Jens RabeTrader-Stammtisch im Interview mit Jens Rabe

TS:  Sehr geehrter Herr Rabe, können Sie uns bitte zunächst einen kurzen Einblick in Ihren Wertegang geben?

Jens Rabe: Ich bin wie so viele ein Quereinsteiger in das Thema Börse. Nachdem ich jahrelang bei verschiedenen Versicherungs- und Maklerunternehmen gearbeitet habe, habe ich mich mit Beginn der 2000er Jahre sehr intensiv mit dem Thema Börse befasst, u.a. durch Lehrgänge und Ausbildungen in den USA und Frankfurt. Obwohl ich schon seit 1992 selbstständig bin, hat es gute 13 Jahre gedauert, bis ich den Schritt zum „Volltagshändler“ gewagt habe. Nachdem ich zu Beginn meiner Börsenkarriere mit nahezu allem gehandelt habe was es am Markt gab (Aktien, Optionsscheine, Futures, Zertifikate) habe ich mich in den letzten Jahren immer mehr dem Thema Optionen zugewandt und handele heute zu 99% börsengelistete Optionen. Während meiner Anfangszeit war ich noch – wie so viele Anfänger – der Faszination des kurzfristigen Handels verfallen. Mittlerweile bin ich aber wesentlich längerfristig orientiert.
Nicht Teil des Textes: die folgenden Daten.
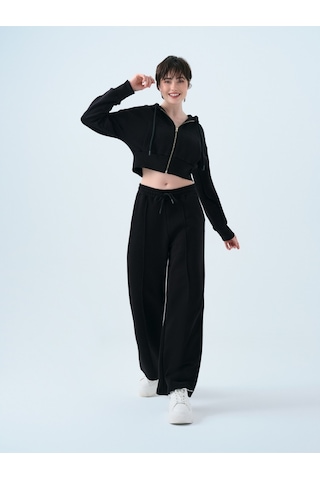 Straight Fit Kadın Eşofman Altı Siyah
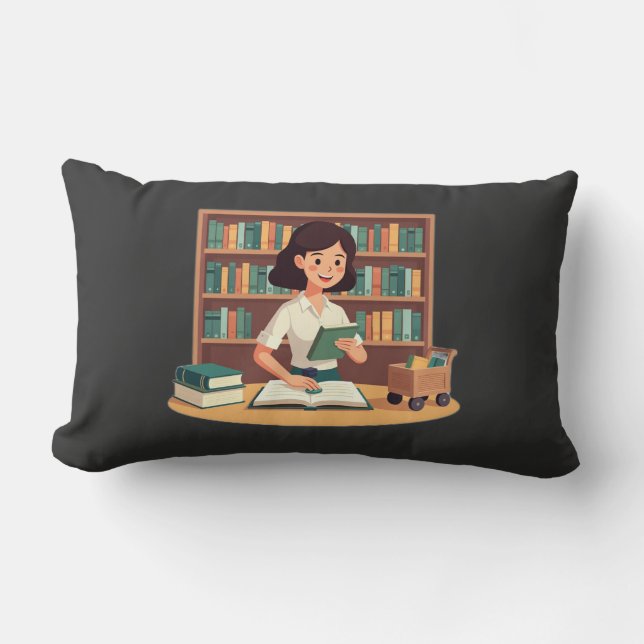 Gemütliches Mädchen liest Bücherregal Lendenkissen (Vorderseite)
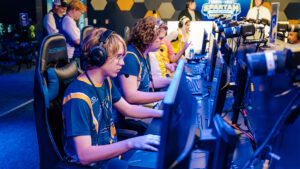 Students play video games at the computers in UNCG's esports arena.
TS:  Seit wann traden Sie und durch wem oder was sind Sie dazu gekommen?

Jens Rabe: Ich habe mich erstmals Mitte der 90iger Jahre mit dem Thema Börse beschäftigt. Es war eine Mischung aus Neugier, Faszination und natürlich auch Gier nach dem scheinbar einfachen, schnellem Geld, welche mich zur Börse gebracht hat. Kostolany, Schwager und Co. waren meine ersten Wegbegleiter, wenn auch nur in Buchform. Zu Beginn hatte dies wenig mit Trading zu tun, der Begriff „zocken“ wäre wohl mit Rückblick auf meinen damaligen Handel eher angebracht. Und so waren auch die Ergebnisse. Erst als ich über mehrere Jahre den Nutzen eines systematischen Handelns erkannte, gelang es mir dauerhaft profitabel an den Märkten zu agieren.

TS:  Warum handeln Sie derzeit so gern Optionen?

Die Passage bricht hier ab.